All das wäre eigentlich schon genug Arbeit, doch Stills kann einfach keinen Gang zurückschalten. Daher will er unbedingt noch die Jam-Session veröffentlichen, bei der er und Jimi Hendrix sich Ende der Sechziger beeindruckende Saitenduelle geliefert haben – sollte er die Freigabe dafür bekommen, ist hier mit einer baldigen Veröffentlichung zu rechnen.
Die vielen Aktivitäten scheinen Stills zu beflügeln: Im Gespräch mit CLASSIC ROCK wirkt er frisch und voller Energie – und diesen ersten Eindruck bestätigt Stills nur zu gerne: „Ich will mich nicht mehr auf meinen Lorbeeren ausruhen. Denn die sind inzwischen ziemlich angestaubt.“
Stephen, dein PIECES-Album, auf dem du rare Aufnahmen von Manassas zusammengestellt hast, wird mit Lob über-schüttet. Wie fühlt sich das für dich an?

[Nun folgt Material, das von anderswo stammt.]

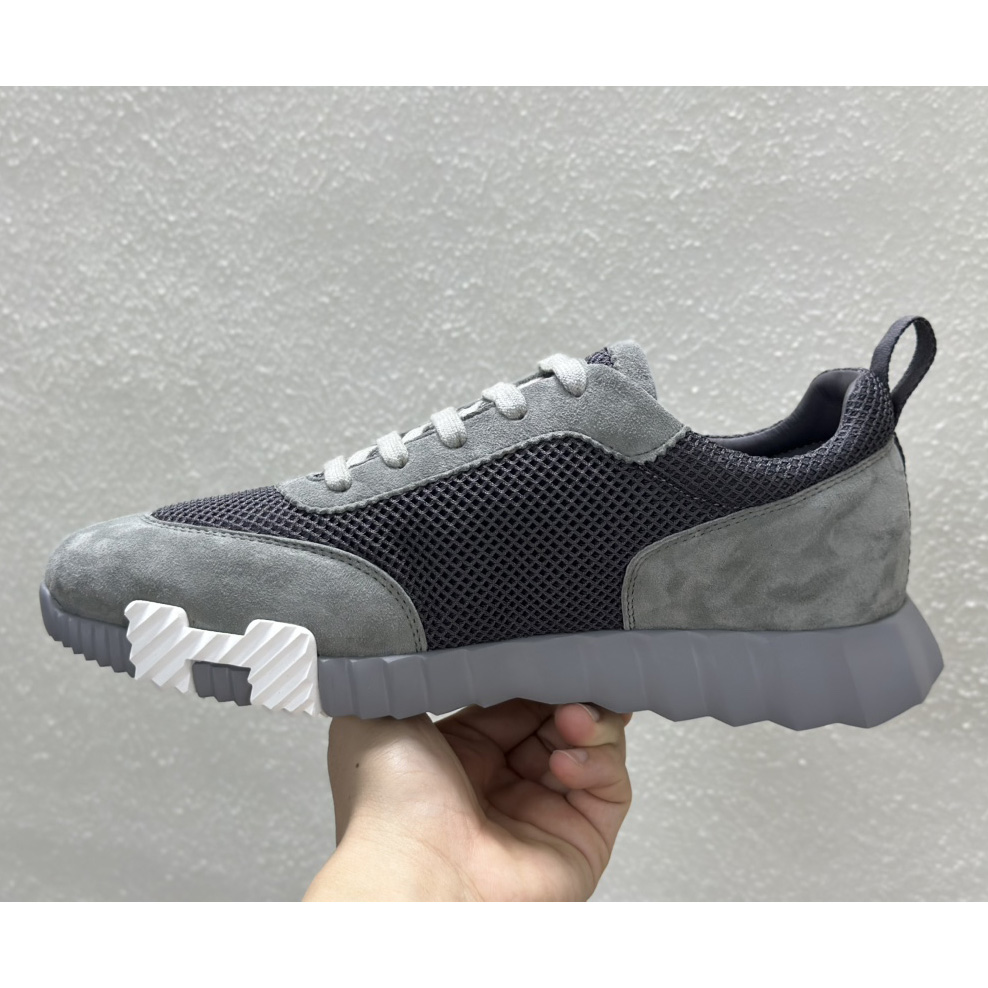 Hermes Bouncing Sneaker - DopestKickz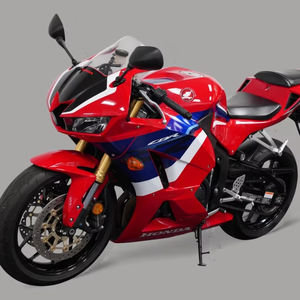 มอเตอร์ไซค์ขายปี 2024 Honda CBR600RR - Product Image 1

Ich habe zu viel Zeit mit euch Journalistenvolk verbracht, um den Fehler zu machen, mir selbst öffentlich auf die Schulter zu klopfen. Das bringt nur Ärger. Aber dennoch hat es natürlich Spaß gemacht, einige der alten Song-Schätze hervorzukramen, zu entstauben und kleinere Unsauberheiten zu beseitigen. Außerdem war es eine große Freude für mich, Chris „Curly“ Hillman, Joe Lala und Al Perkins beim Spielen zuzuhören – das habe ich lange Zeit nicht mehr getan. Dabei waren wir die erste Country-Rock-Bluegrass-Steel-Latin-Band überhaupt. Und eine verdammt gute noch dazu!
1972 hast du mit Manassas im Londoner „Rainbow“-Club gespielt. Stimmt es, dass du zu dieser Zeit permanent in England gelebt hast?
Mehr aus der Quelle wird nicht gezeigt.